Trichet, in his monthly news conference, acknowledged the euro-zone was suffering from a period of "weak activity." But he came nowhere near signaling the all-clear on the inflation front, instead underlining worries that inflation will remain well above the central bank's medium target of near but below 2% annually.

Inflation is "likely to remain well above levels consistent with price stability for a protracted period of time and that upside risks to price stability over the medium term prevail," he said.

But he emphasized that he had previously warned of a mid-year trough and said the weak spell would likely be followed by a "gradual recovery," aided by a fall in oil prices from their July peak.

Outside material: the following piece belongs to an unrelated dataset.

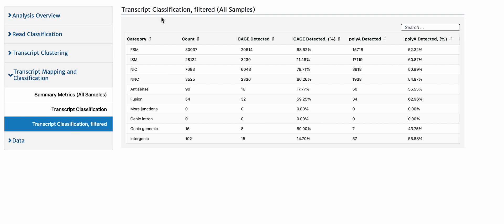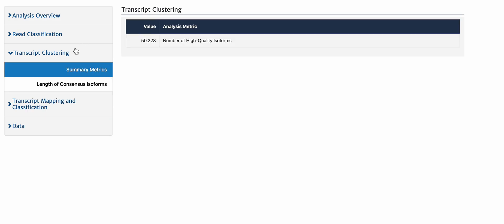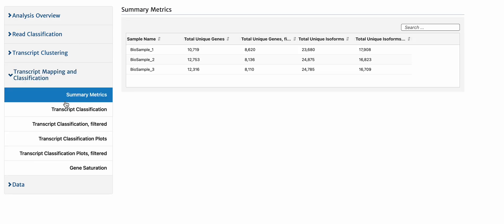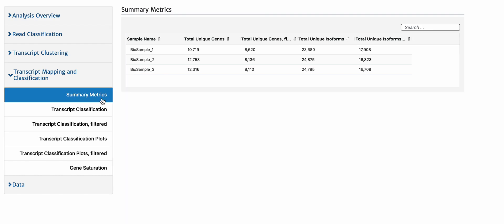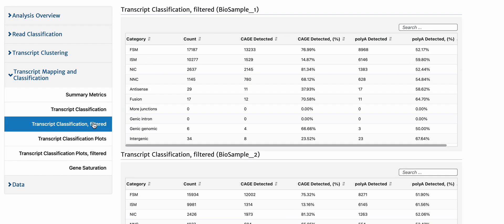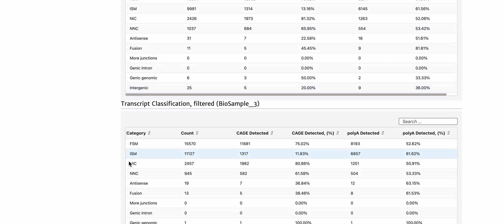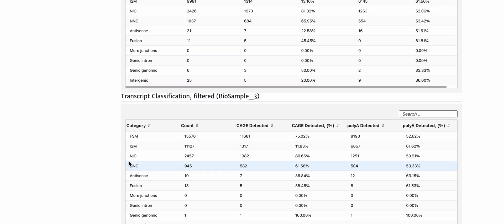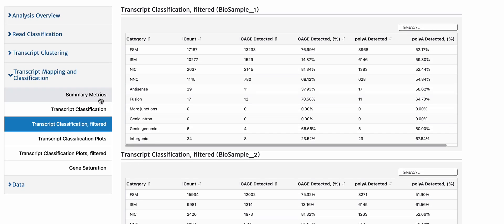If we contrast with what this looks like when you say cluster reads separately, when we get to the filtered results, the summary results look the same. But if we look at the classification post-filter categories, you'll notice that each sample actually has its own table, and that's because they've been processed separately to generate these tables.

Also, world growth is expected to remain "relatively resilient" amid sustained growth in emerging economies that should support demand for euro-zone goods and services, he said.
Uncertainty Principle Revisited

Trichet may (or may not) have done the right thing by holding rates, but the ECB is on a pure guess. The ECB is affected by the same factors, pressures, and feedback loops that I noted in the Fed Uncertainty Principle.

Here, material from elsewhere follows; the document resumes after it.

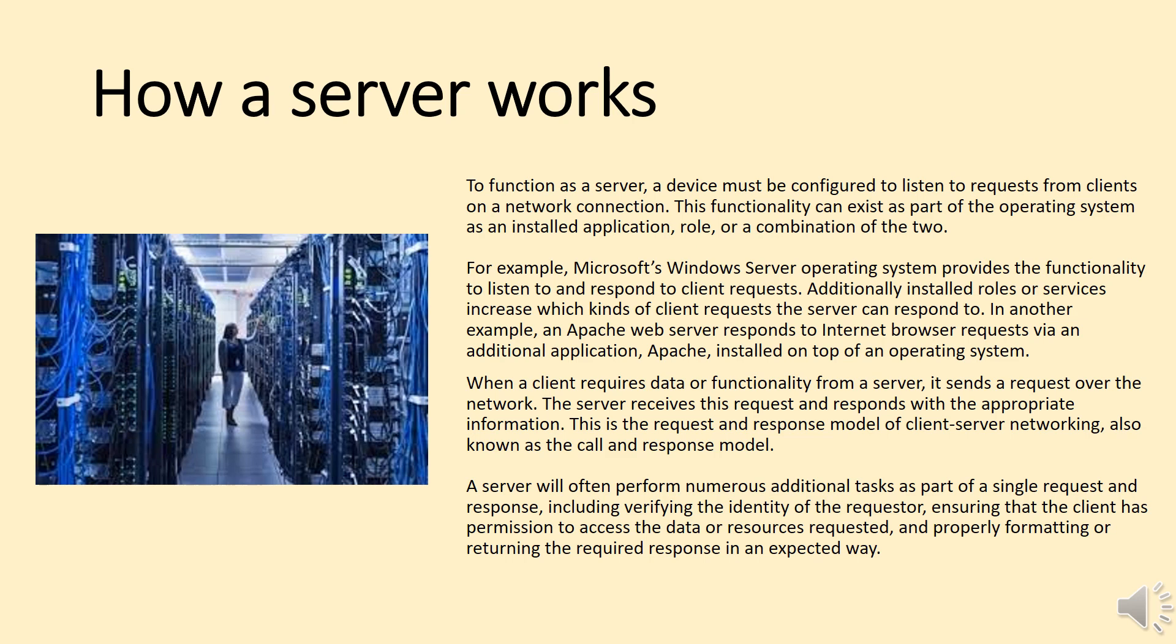When a client requires data or functionality from a server, it sends a request over the network. The server receives this request and responds with the appropriate information. This is the request and response model of client-server networking, also known as the call and response model.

The Falling Oil Prices Myth

As for a "gradual recovery aided by a fall in oil prices" Trichet could not possibly be more off base. Falling oil prices are a result of a slowing world economy. Trichet's statement can roughly be translated to "the economy will pick up because the economy is slowing".

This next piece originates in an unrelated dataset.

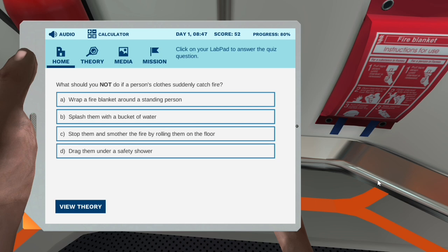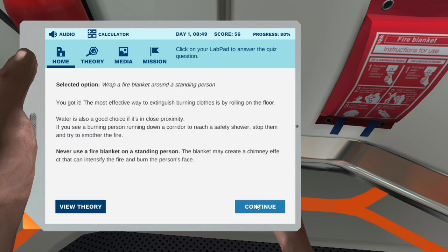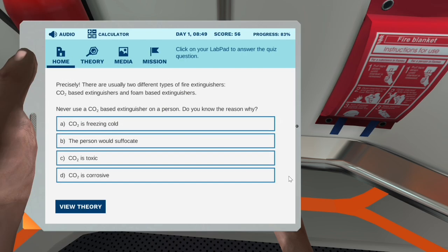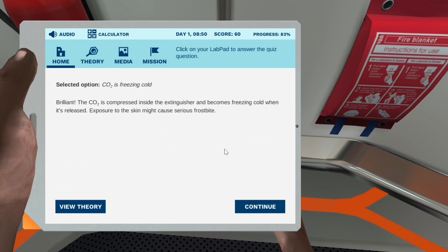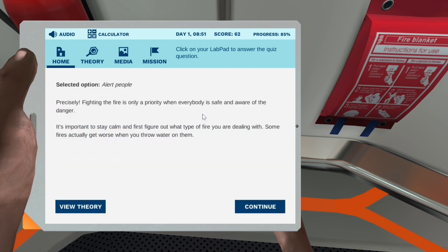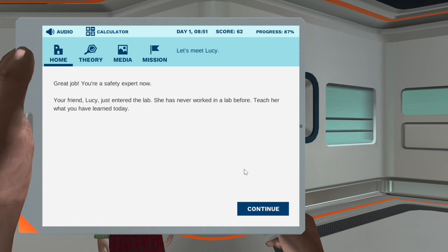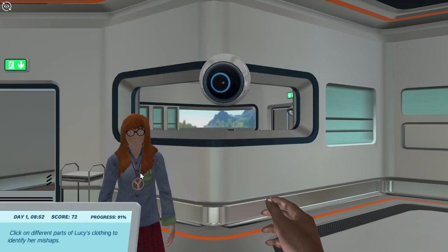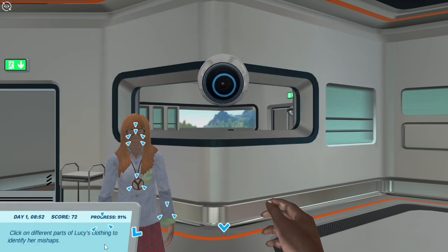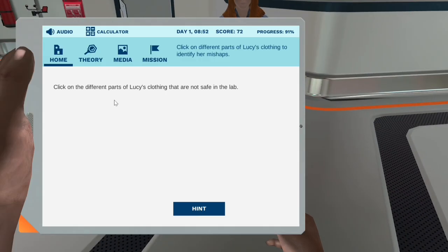What should you not do if a person's clothes suddenly catch fire? The most effective way to extinguish a fire on clothing is to stop, drop, and roll. What would you use if there was an open fire in the lab? Precisely — there are usually two different types of fire extinguishers: carbon dioxide based extinguishers and foam based extinguishers. Never use a carbon dioxide extinguisher on a person.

As for world growth being "relatively resilient" I disagree once again. World growth was on a tear for one reason only: Credit was rapidly expanding everywhere. Today something very unusual happened: National City Pays Customers To Cancel Credit Lines.

More importantly The Future Is Frugality and the future is also here. Businesses and consumers are both attempting to be frugal. Frugality is showing up in housing, in commercial real estate, home equity loans, and autos. For a look at the auto sector, please see GM, Ford, Chrysler Sales Collapse.

China Contraction

In a surprise to those who mistakenly think China is the dog and not the tail, China's Manufacturing Contracts for Second Month.

In a slowing world economy, China cannot possibly hold the economic fort by itself. Some think the China contraction is related to the Olympics.

If that was the case, China would not have needed to announce a stimulus package. Please see Is China's Growth Story Coming Unglued? for more on that line of thinking.

Euro vs. Dollar Monthly Chart



click on chart for sharper image

As I expected the Euro did not hold the monthly uptrend line. This is in the face of a tough stance on inflation by Trichet and the ECB. The market does not seem to believe Trichet and neither do I. Alternatively, the market might be acting as if the ECB is going to wreck Eurozone economy by continuing this inflation fighting stance when it should be clear that inflation is simply not a credible threat.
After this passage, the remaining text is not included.